[Data to use]

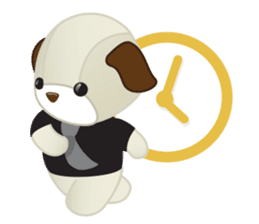 Hello Doggy, Goodbye Kitty sticker #9134785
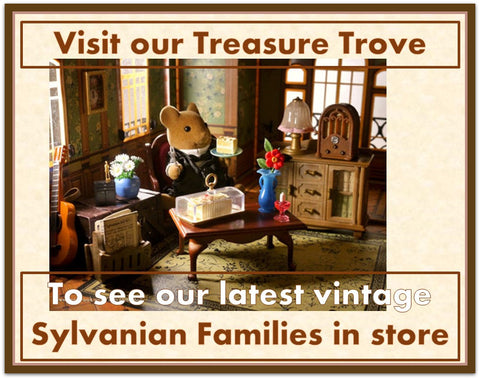 Sylvanian Families vintage and rare items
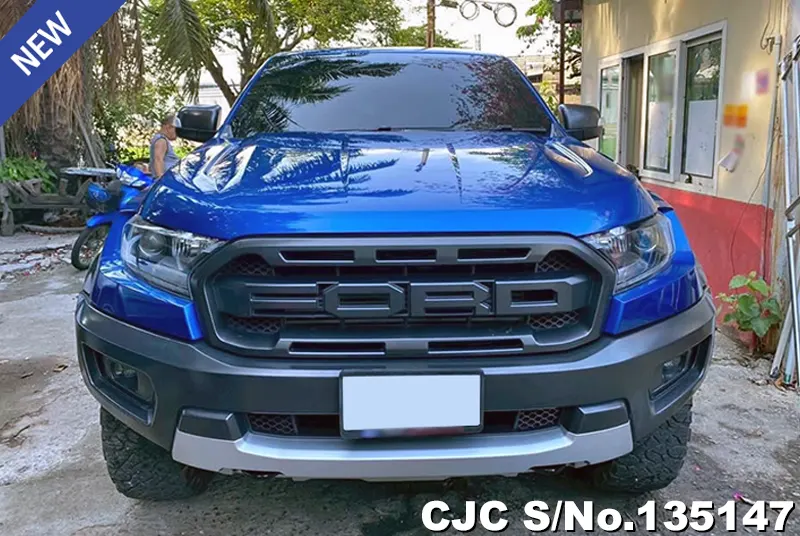 Ford Ranger in Blue for Sale Image 3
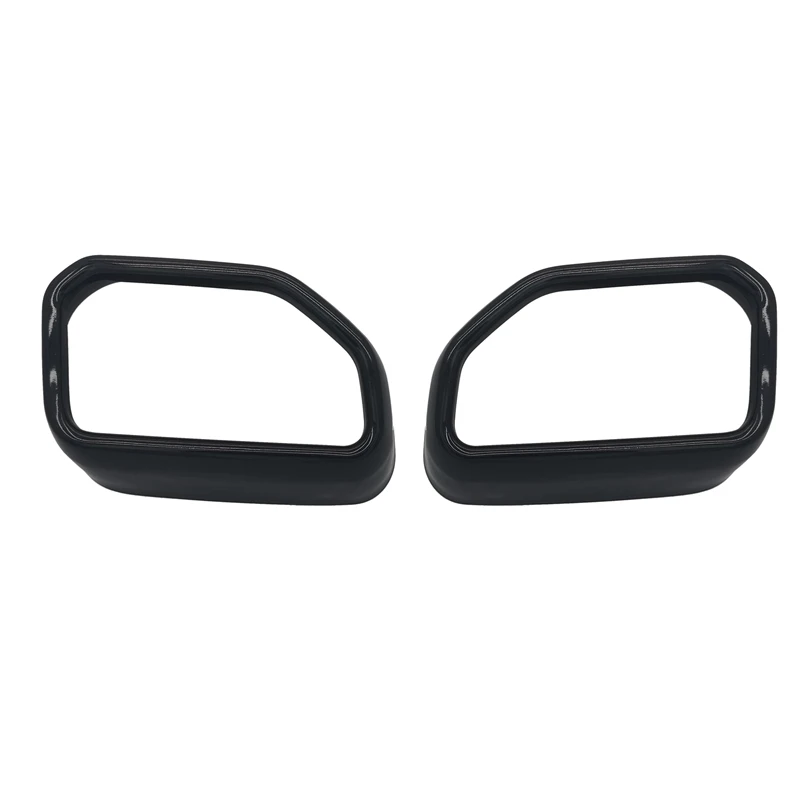 

Rear Exhaust Muffler Pipe Cover Stainless Steel Tail Throat Vent Decoration Car-Styling for-BMW X3 2022, Black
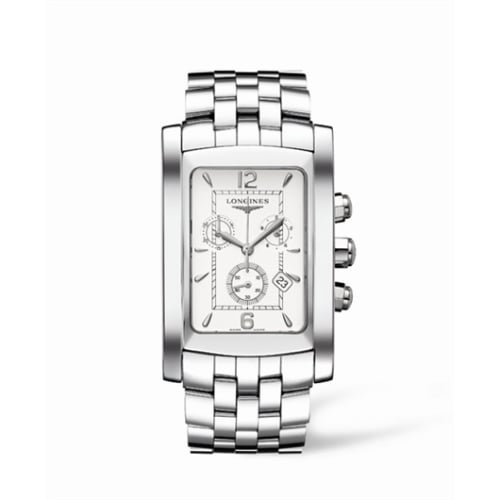 Longines DolceVita XL Chronograph Stainless Steel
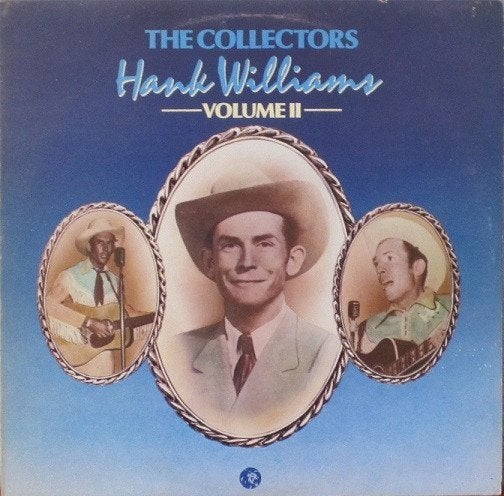 LP Hank Williams - The collector's Hank Williams, volume II, Ophalen, Gebruikt, 12 inch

[/Data to use]

• Try it: In the records above, find the line that contains "Sylvanian Families vintage and rare items". Retype it and every line after it, exactly, leaving out all pictures.

• Finished task:
 Sylvanian Families vintage and rare items
 Ford Ranger in Blue for Sale Image 3

Rear Exhaust Muffler Pipe Cover Stainless Steel Tail Throat Vent Decoration Car-Styling for-BMW X3 2022, Black
 Longines DolceVita XL Chronograph Stainless Steel
 LP Hank Williams - The collector's Hank Williams, volume II, Ophalen, Gebruikt, 12 inch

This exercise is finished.